CKD stage 5D, has a high incidence, 100-200 people per million, and high prevalence, 750-1500
per million. More than 40-50% are above 65 years old, with a lower rate in women but with
higher frailty than men. This cohort presents high comorbidity, malnutrition, sedentary
behavior, low health-related quality of life, frailty and high dependency levels. Mortality
risk is close to 15% per year. Cardiovascular disease is the main cause of death in end-stage
CKD. It is also a high risk factor for peripheral artery disease and lower limbs amputation.
Supporting this cohort results in high direct and indirect costs. Additionally, these
patients present high anxiety and depression rates. Comorbidity between depression and
somatic illness leads to a significant increase of the illness load since there is higher
symptomatology, higher morbidity, higher health costs, and worse functioning and quality of
life. Current evidence suggests a bidirectional relationship between depression and medical
illness. Mechanisms suggested explaining this complex relationship would include both
biological and behavioral aspects. Depression is also associated with the worst adherence to
treatment of comorbid patients.
There is wide evidence regarding the weak points of end-stage CKD patients in hemodialysis,
and they include three intervention aspects: exercise, nutrition and psychological support.
Evidence shows that exercise for patients in hemodialysis results in increased survival rate,
functional capacity, strength, and health-related quality of life. Additionally, different
studies have shown the benefits of psychological interventions and the positive effect of
educational programs on nutritional care for patients in hemodialysis. Several combined
interventions have been implemented leading to heterogeneous results.

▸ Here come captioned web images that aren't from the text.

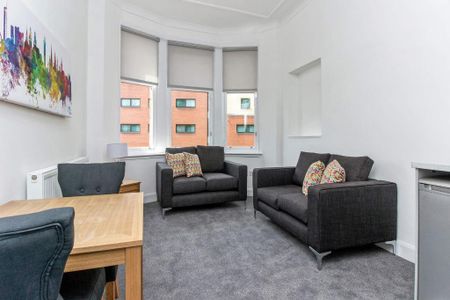 2 bedroom flat to rent - Photo 2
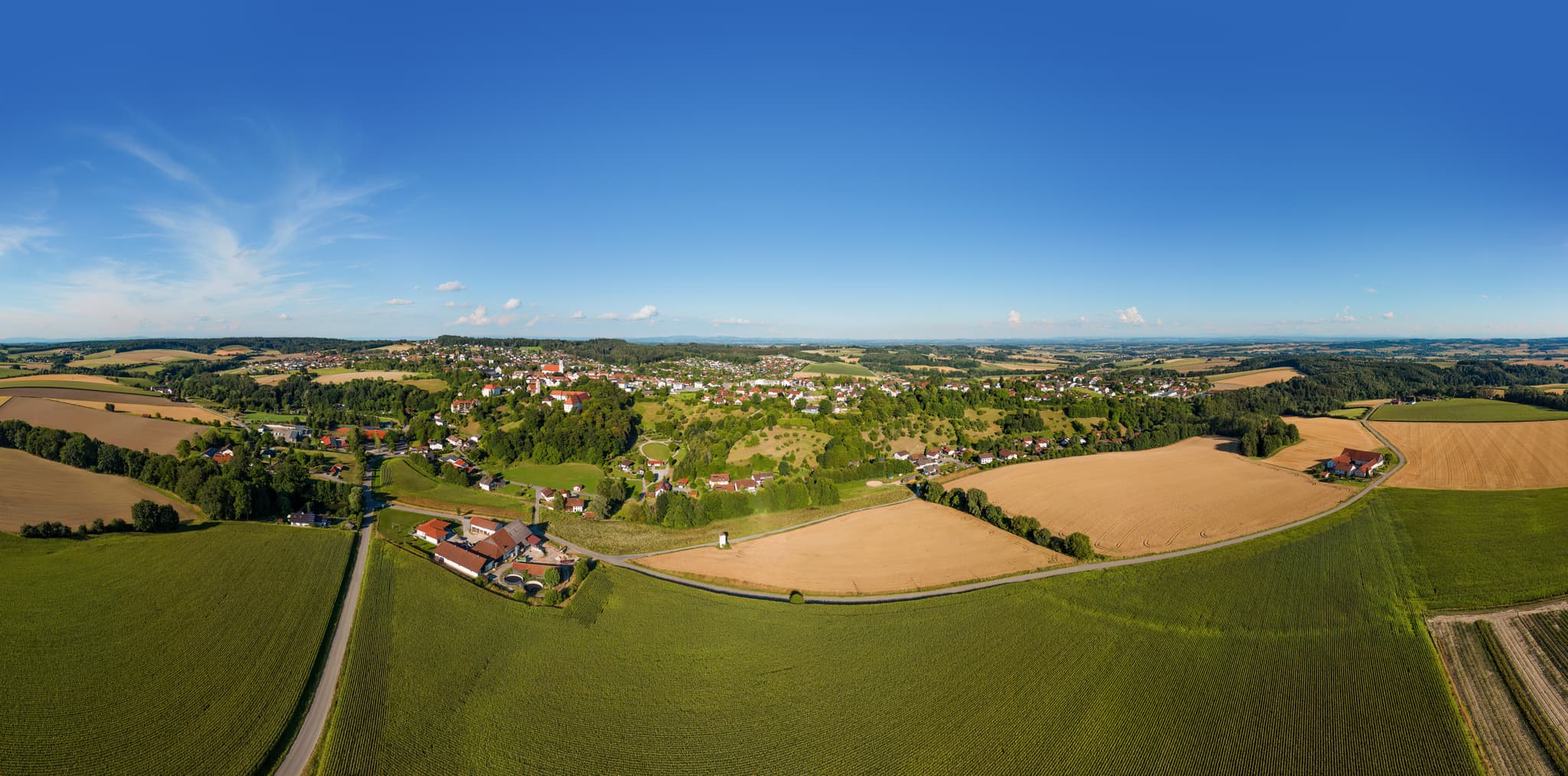 Luftbild Bad Griesbach, Passau, Niederbayern, Bäderdreieck - Luftbild der Stadt Bad Griesbach im Rottal, Landkreis Passau, Niederbayern. Die Aufnahme zeigt die weite Landschaft des Bäderdreiecks in Deutschland.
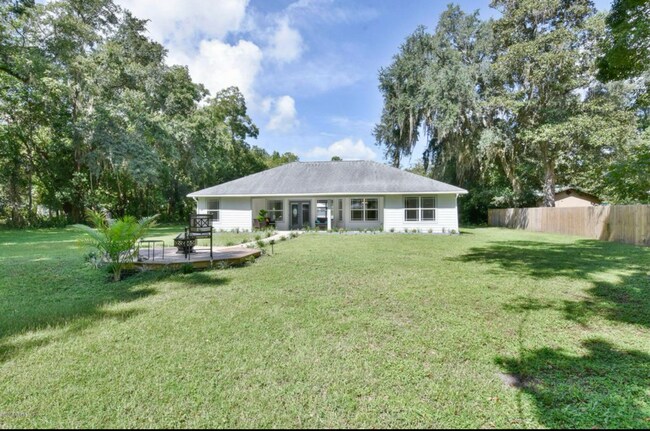 Building Photo - Stunning Home - Large Lot with 2 Car Garage!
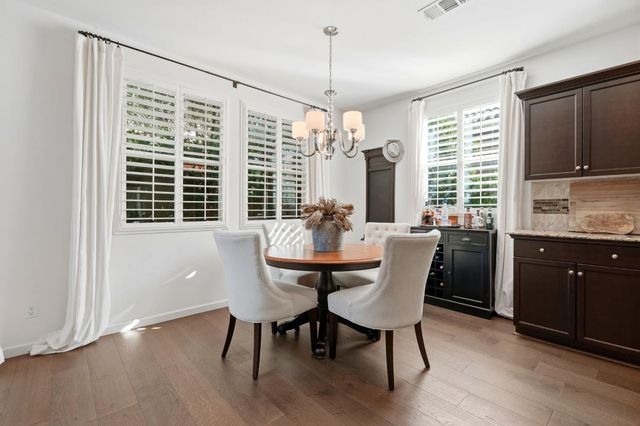 1521 N Encoure Way, Clovis, CA 93619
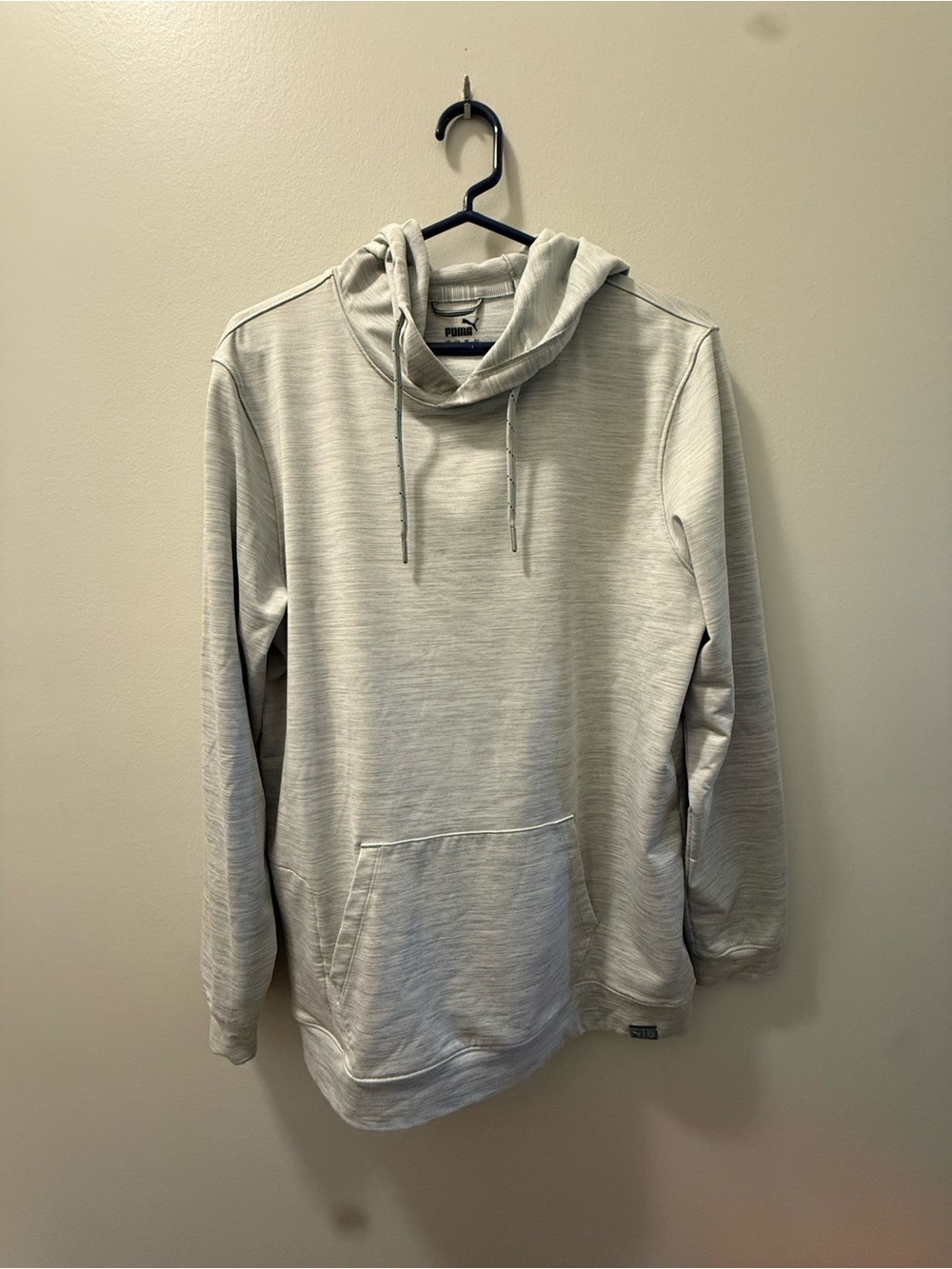 Puma Men’s Light Heather Gray Pullover Hoodie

Despite the well-known benefits of exercise, this kind of programs are not being implemented
in the routine clinical care of hemodialysis patients. Patients' lack of interest regarding
participation in exercise programs, time constraints, and lack of knowledge by health
professionals at the hemodialysis units, are some of the factors underpinning the low
implementation rate of intradialysis exercise programs.
Virtual reality (VR) refers to computer-generated interactive simulation that offers users
the opportunity to participate in environments that look like objects and events of the real
world.
VR exercise has been successfully implemented in neuro-rehabilitation, resulting in better
balance, gait, and mobility in cerebrovascular accidents, multiple sclerosis, Guillain-Barre
syndrome, and Parkinson's disease. Few studies have explored the impact of VR exercise in
renal rehabilitation. Three of the partners (Universidad Cardenal Herrera-CEU, Universitat
Politècnica de Valéncia, and Hospital de Manises) have implemented two randomized trials of
non-immersive VR exercise intradialysis. Currently, those partners are developing a third
trial with this technology and they have verified that this type of exercise has good
tolerance and high adherence rates. Additionally, it has a positive impact on strength,
functional capacity, physical activity level, and health-related quality of life.
Until now, the most traditional way to assess and implement psychological and
psycho-educative treatments has been 'face to face'. Nevertheless, more than 50% of people
suffering from depression are not being treated appropriately. This is why alternative
treatment models to assess and treat are being implemented, and technology (as the internet)
is an option to increase the number of patients that can be treated. Additionally, few
studies have explored technology as a means to educate renal patients regarding nutrition or
psychological health.
Thus, the hypothesis of the present study is that a health virtual platform designed for
holistic treatment of patients undertaking hemodialysis will result in health benefits for
this cohort, regarding physical activity, nutritional and psychological health. The platform
will be designed according to the aims highlighted by experts, barriers, and needs of
end-stage CKD patients and their caregivers. As mentioned above, end-stage chronic kidney
disease patients have high comorbidity, malnutrition, sedentarism, low health-related quality
of life, low physical function, frailty, and high dependency levels. So they rely on
non-formal caregivers for their activities of daily living. This cohort presents high anxiety
and depression levels and the combination of somatic disease plus depression results in
higher symptoms, higher comorbidity, higher health resources, and worst quality of life.
Besides, there is a bidirectional relationship between depression and disease, and depression
is associated with lower adherence to medical treatment.